▸ Data records:

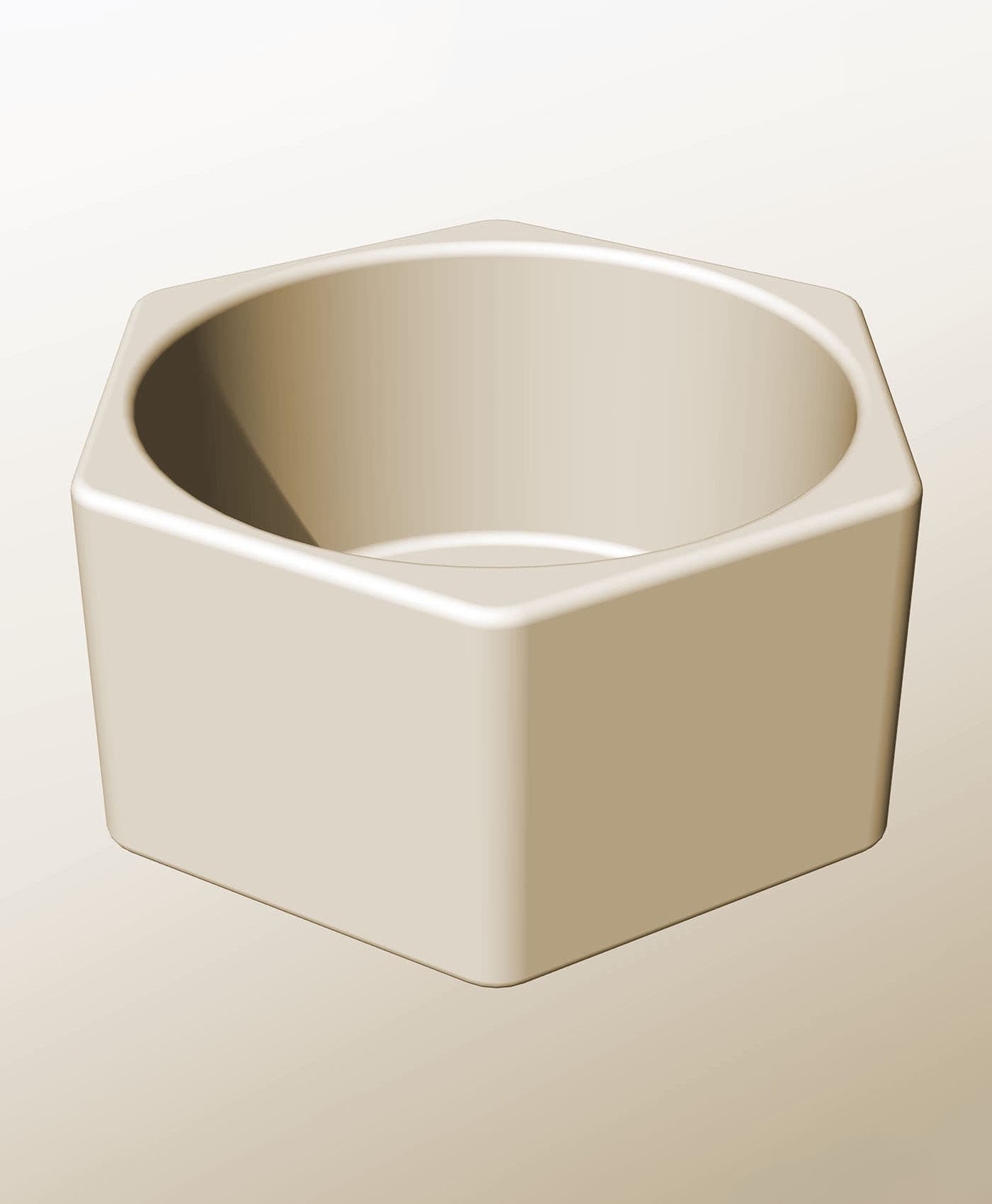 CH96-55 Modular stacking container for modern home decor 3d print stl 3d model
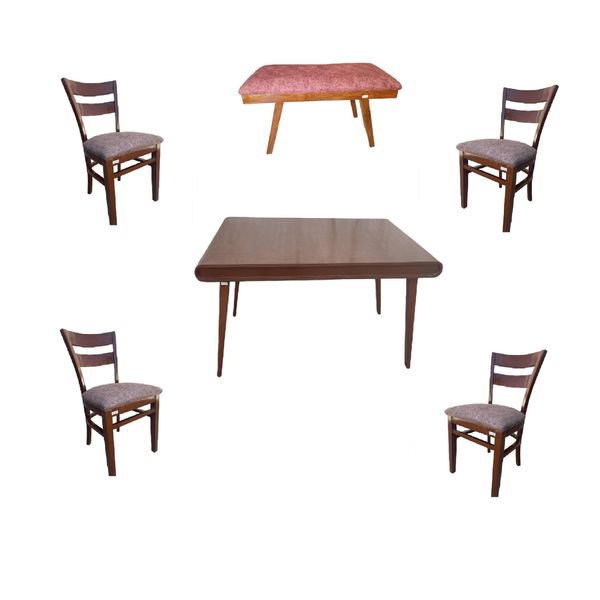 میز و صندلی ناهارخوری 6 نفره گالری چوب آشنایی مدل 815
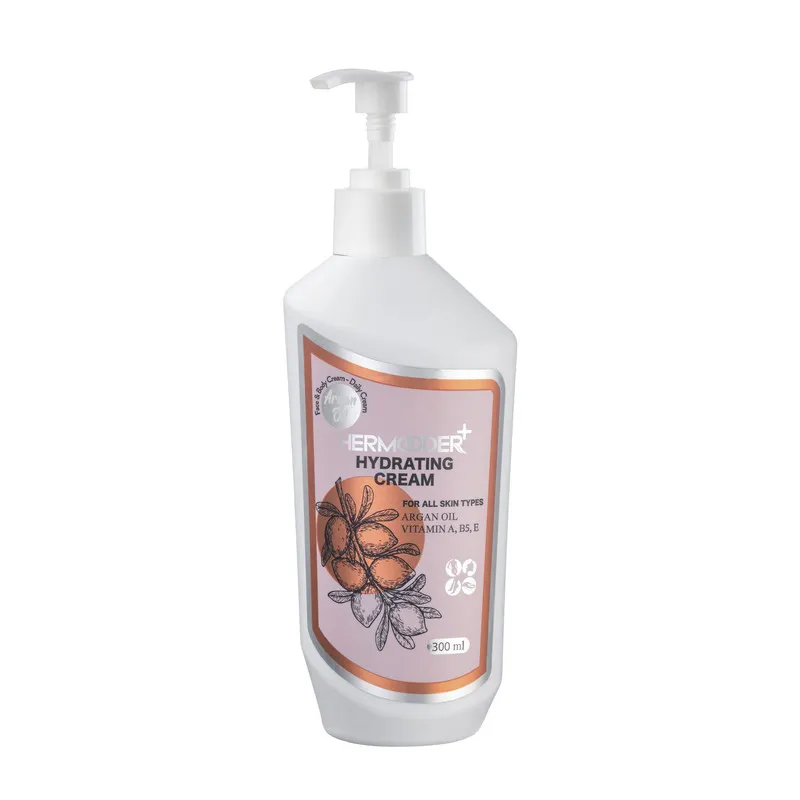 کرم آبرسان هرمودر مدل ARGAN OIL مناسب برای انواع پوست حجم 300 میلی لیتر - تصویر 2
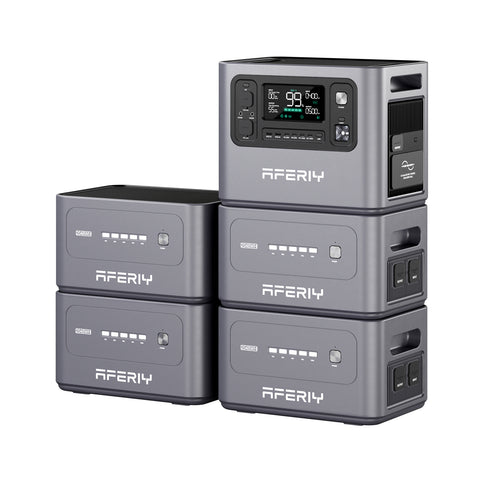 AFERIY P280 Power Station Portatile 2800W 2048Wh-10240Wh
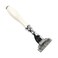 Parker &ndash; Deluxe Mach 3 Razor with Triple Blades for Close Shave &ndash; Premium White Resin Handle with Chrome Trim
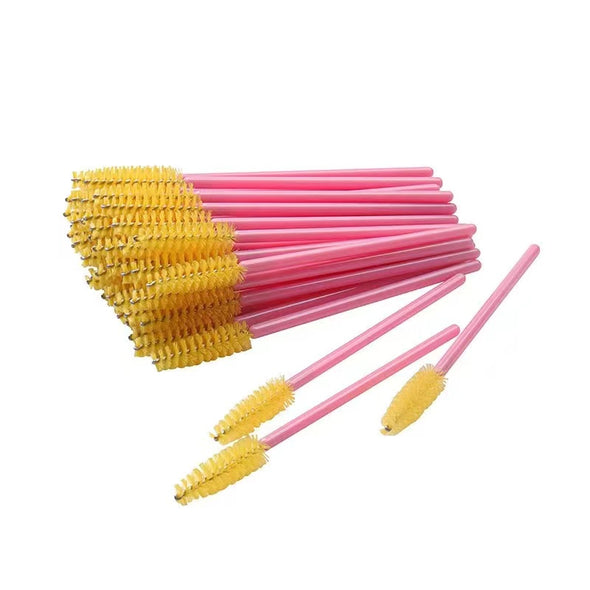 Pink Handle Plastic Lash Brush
...
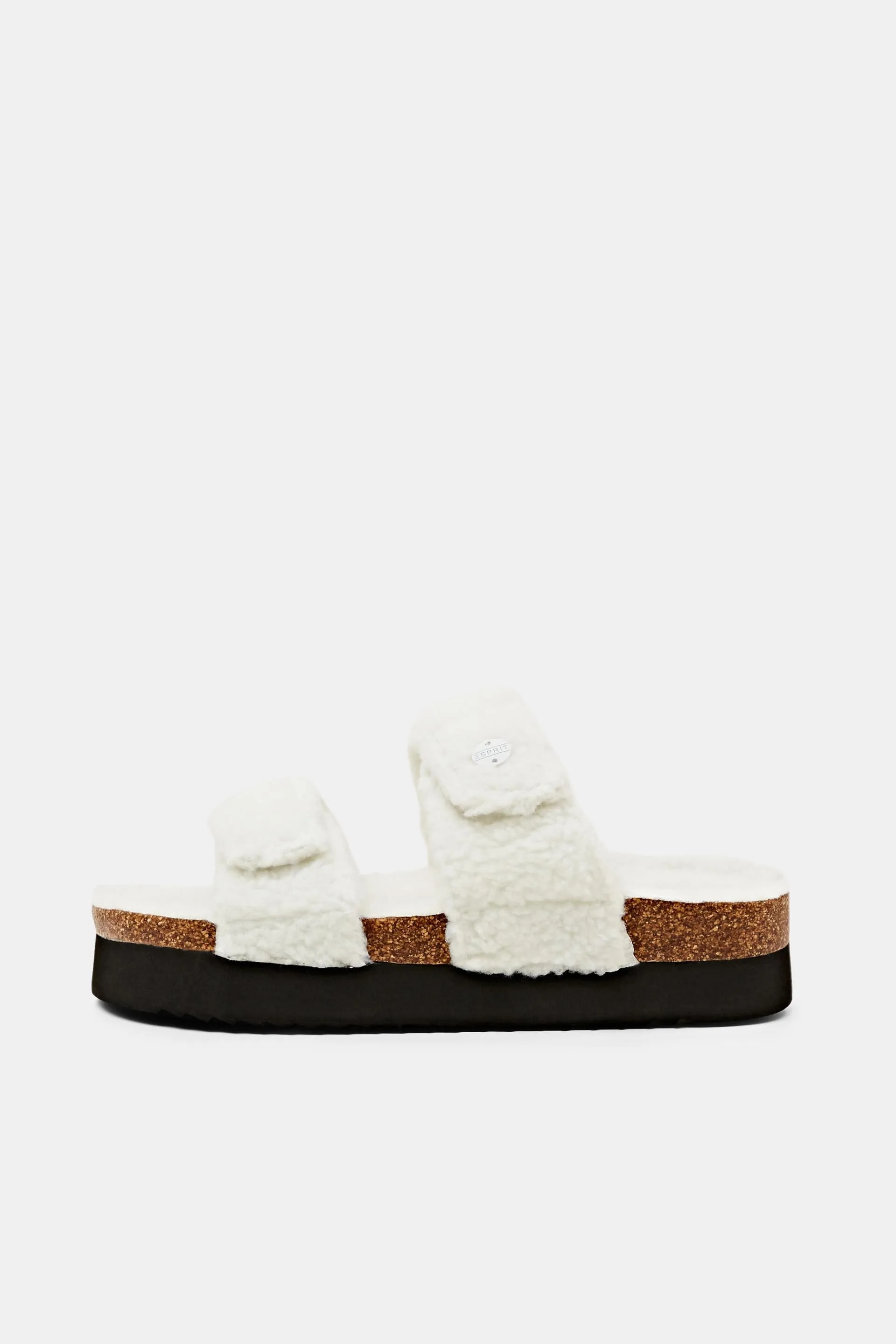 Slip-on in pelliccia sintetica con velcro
--
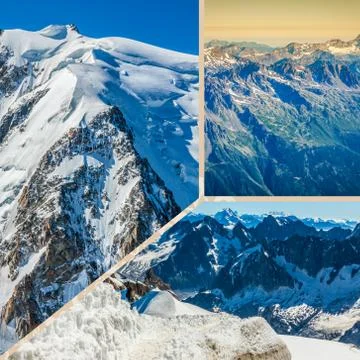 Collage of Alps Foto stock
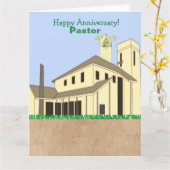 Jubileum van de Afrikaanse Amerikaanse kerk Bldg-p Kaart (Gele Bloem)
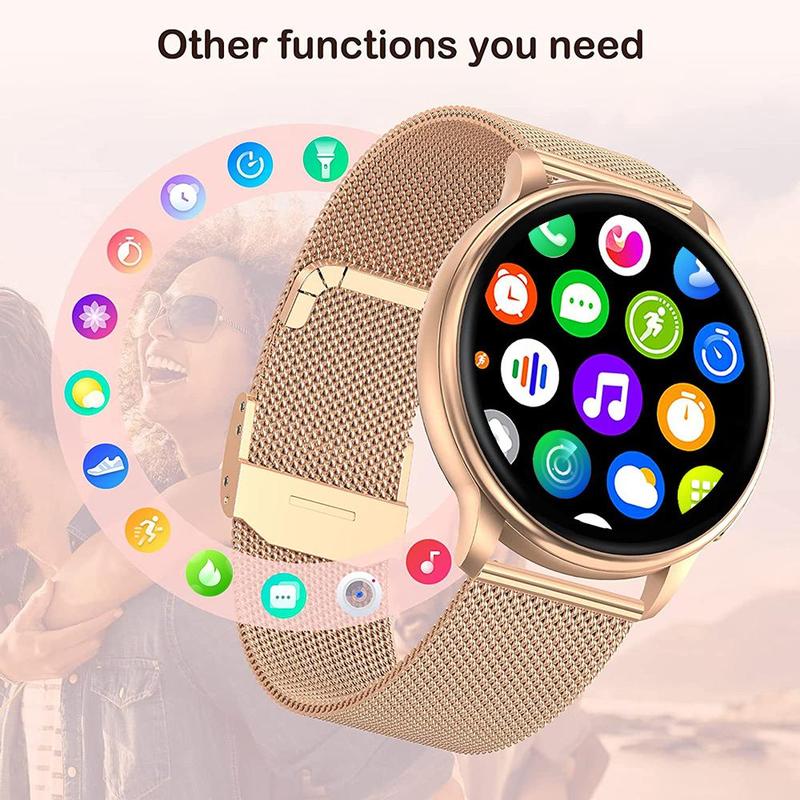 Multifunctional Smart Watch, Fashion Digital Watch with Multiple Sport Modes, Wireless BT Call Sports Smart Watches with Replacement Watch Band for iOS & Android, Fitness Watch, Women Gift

▸ Work to complete: What should come back is an exact copy of the lines above from the line with "میز و صندلی" to the line with "Pink Handle Plastic Lash Brush", both included, minus the pictures.

▸ Task answer:
 میز و صندلی ناهارخوری 6 نفره گالری چوب آشنایی مدل 815
 کرم آبرسان هرمودر مدل ARGAN OIL مناسب برای انواع پوست حجم 300 میلی لیتر - تصویر 2
 AFERIY P280 Power Station Portatile 2800W 2048Wh-10240Wh
 Parker &ndash; Deluxe Mach 3 Razor with Triple Blades for Close Shave &ndash; Premium White Resin Handle with Chrome Trim
 Pink Handle Plastic Lash Brush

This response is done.